### Your task
Every line from the one holding "Dara Lewis's Instagram, Twitter & Facebook" through the one holding "Luxury 2 bed" in the data below must be returned exactly, both ends included, with pictures left out and nothing else added.

### Exercise inputs
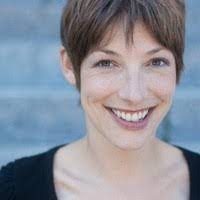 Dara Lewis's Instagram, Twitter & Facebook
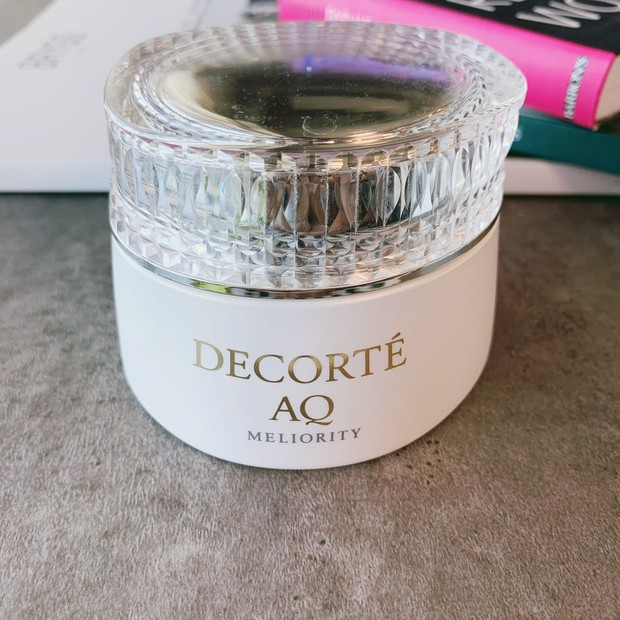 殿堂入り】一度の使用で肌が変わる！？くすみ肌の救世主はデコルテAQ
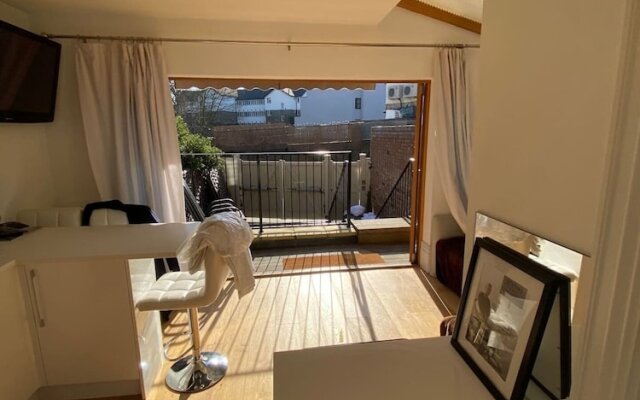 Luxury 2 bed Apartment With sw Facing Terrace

---

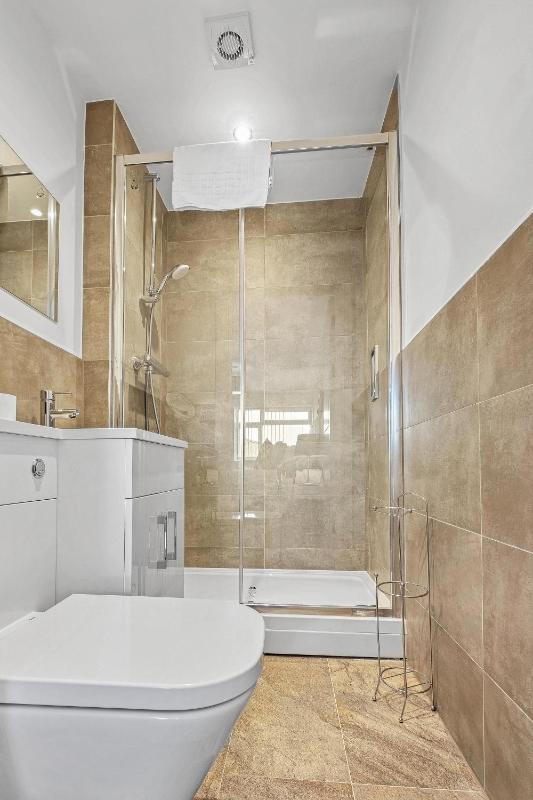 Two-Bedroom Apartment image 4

...

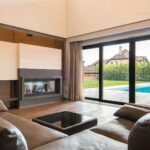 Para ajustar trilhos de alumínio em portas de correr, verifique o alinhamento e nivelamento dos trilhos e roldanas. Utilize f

### Task answer
 Dara Lewis's Instagram, Twitter & Facebook
 殿堂入り】一度の使用で肌が変わる！？くすみ肌の救世主はデコルテAQ
 Luxury 2 bed Apartment With sw Facing Terrace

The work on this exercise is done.